Cauwelier believes that the quantification and analysis of TPS is essential for anyone who is serious about improving the levels of psychological safety within their team. Once individuals are clear on which specific elements of TPS need improving and opinions have been aligned, ‘Action Learning’ can take place to bring the team to the next level.
By combining the quantitative analysis of a team’s current state of TPS with follow-up Action Learning, real progress can be made, and team performance improved.
Action Learning is a problem-solving process where a small team is given a current and real business challenge on which they take actions and learn as individuals and a team (Marquardt, Banks, Cauwelier & Ng 2018). Team members explore the challenge in all its dimensions and collectively come to an understanding and agreement of what the real issue is, before looking for solutions. This process is supported by an Action Learning coach who focuses on the team learning and reinforcing new routines which can be replicated in the workplace. Peter Cauwelier is a WIAL Master Action Learning coach (www.wial.org) and he believes that Action Learning is a very effective way to accelerate the development of TPS and improve team performance. To explore this, Cauwelier compared TPS before and after two different types of team sessions, one a series of Action Learning sessions and the other a facilitated team workshop (Cauwelier 2019).
All members filled in the TPS survey
outlined above, but during the sessions or workshop there was no focus on TPS and TPS was not discussed with the team during the proceedings. Measuring again TPS after the program, Cauwelier found that while TPS scores improved significantly after the Action Learning sessions (the averages increased and the standard deviation decreased), there was no measurable change in scores after the facilitated team workshop. So why does the Action Learning approach appear to be so much more effective in terms of strengthening TPS?

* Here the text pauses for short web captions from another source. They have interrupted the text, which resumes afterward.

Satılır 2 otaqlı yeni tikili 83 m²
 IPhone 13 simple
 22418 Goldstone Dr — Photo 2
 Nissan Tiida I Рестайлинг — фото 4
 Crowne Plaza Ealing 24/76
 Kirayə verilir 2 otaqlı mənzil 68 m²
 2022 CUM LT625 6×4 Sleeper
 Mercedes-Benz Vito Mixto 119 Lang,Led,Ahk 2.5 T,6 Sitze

Cauwelier believes it is because the principles of the methodology connect well with what most impacts TPS (team leadership, trust and respect, organisational support, team habits and practice). Within an Action Learning session, feedback on actions is shared, creating an environment where risk taking and making mistakes isn’t problematic, but an opportunity for coming up with new ideas and mutual learning. With everyone sharing their actions within the team, it is unlikely that anyone will undermine the team goal or others’ efforts. Asking questions and giving feedback on one another’s skills create an atmosphere of support where all team members are able to grow together.
TPS is a major contributing factor to team performance, and within a business context, this might mean the success or failure of a product, service, company or venture. In his recent research Peter Cauwelier has pushed thinking on this subject further by providing evidence for how management and business leaders can practically look to improve the level of psychological safety within their teams. By combining the quantitative analysis of a team’s current state of TPS with follow-up Action Learning, measurable progress is made, and performances improved. In the hands of an Action Learning coach, the report produced by the TPS survey can be used to focus specifically on the elements of psychological safety that need most attention. There is a great capacity here for helping teams reach their high-performance potential.
Can team psychological safety be applied to other types of teams outside a business context? Do you think the same methodology described here could be used to improve their performance also?